Solidarische Kritik am Konsenskonzept „Nein heißt Nein“

beschlossen auf der 55. Mitgliederversammlung

„Nein heißt nein“ weist auf eine Haltung hin, in der die weibliche Betroffenheitsperspektive von sexualisierter Übergriffigkeit als eine markiert werden soll, in der Frauen* ernst genommen werden, wenn sie sich abgrenzen oder wehren.
Dem liegt ein Fokus auf weibliche Selbstbestimmung in grenzüberschreitenden Situationen zugrunde. Dies findet der fzs prinzipiell richtig, allerdings legt diese Perspektive nahe, Frauen* trügen die Verantwortung für derartige Situationen und müssten/könnten sie mit einem „Nein“ grundlegend verändern.
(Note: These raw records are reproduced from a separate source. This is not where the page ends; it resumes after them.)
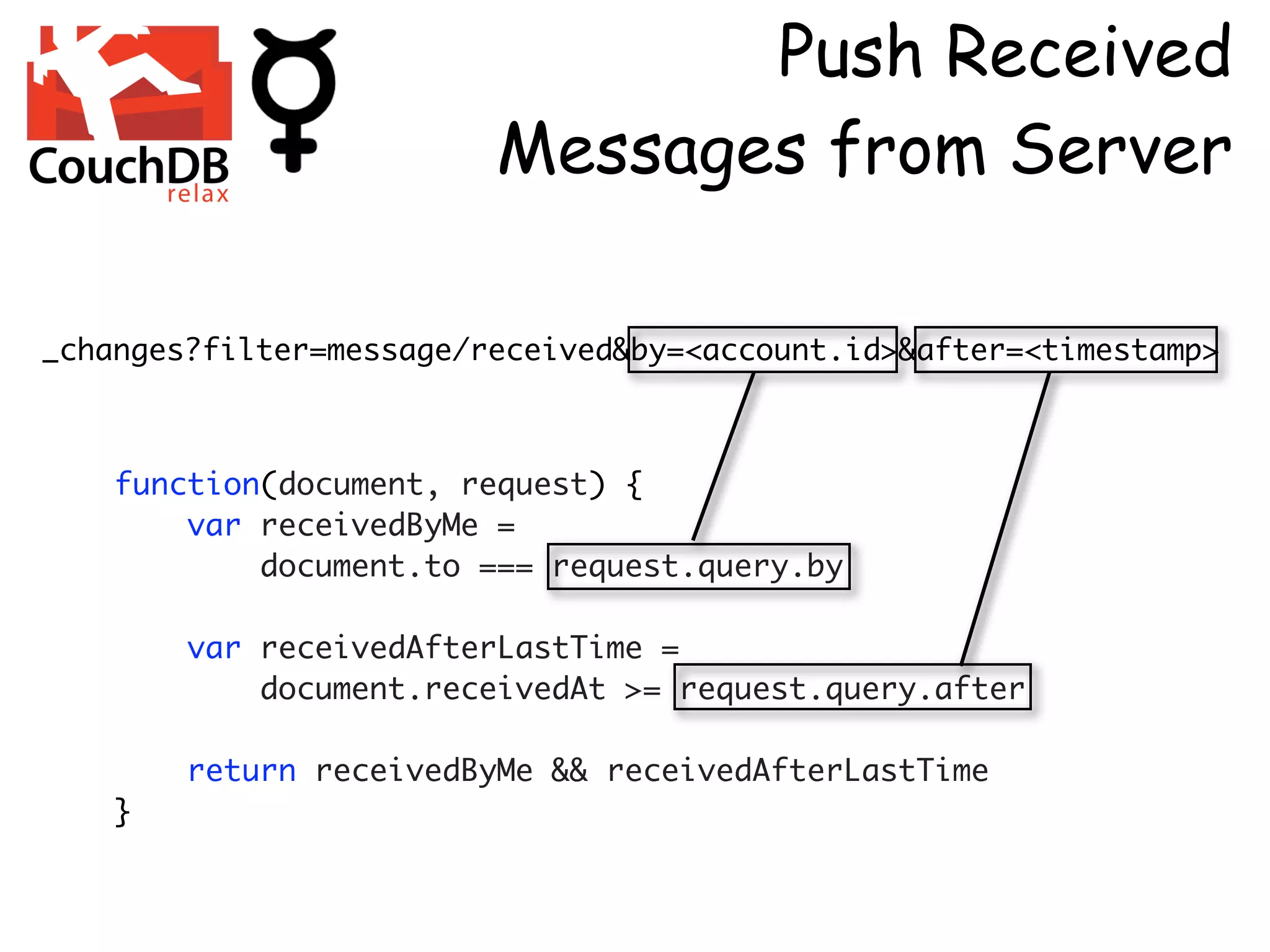Push Received
                         Messages from Server

_changes?filter=message/received&by=<account.id>&after=<timestamp>



    function(document, request) {
        var receivedByMe =
            document.to === request.query.by

        var receivedAfterLastTime =
            document.receivedAt >= request.query.after

        return receivedByMe && receivedAfterLastTime
    }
Der fzs sieht die Problematik vielmehr schon in der besitzergreifenden Geste, die dem „Nein“ vorangeht. Konsens wird unserer Überzeugung nach erst durch respektvollen und freiwilligen Umgang möglich, der in einer Logik des Objektivizierens von Frauen* nicht möglich ist. Patriarchale und kapitalistische Gesellschaftsordnung bedeutet, die staatliche und individuelle Praxis, Frauen* als Besitz und Objekt zu behandeln und damit jederzeit Zugriff auf ihr Körper und ihr Verhalten zu gewährleisten. Das äußert sich auch in der alltäglichen Wiederherstellung des Besitzer-Besitzverhältnisses durch die „Selbstverständlichkeit“ der Sexualisierung von weiblich gelesenen Körpern, z.B. durch Street-Harassment. Weibliche Selbstbestimmung wird so durch so viele Faktoren systematisch unterminiert, dass die vielfache Aufforderung sich als Frau* zu widersetzen, die dem „Nein heißt nein“ vorangeht, schon als perfide Wendung verstanden werden kann/muss. Vorausgehen müsste dem die Einsicht, da der Zugriff auf als weiblich gelesene Personen absolut inakzeptabel ist, auch weil Bestandteil einer Objektifizierung und Verwertung von Menschen ist.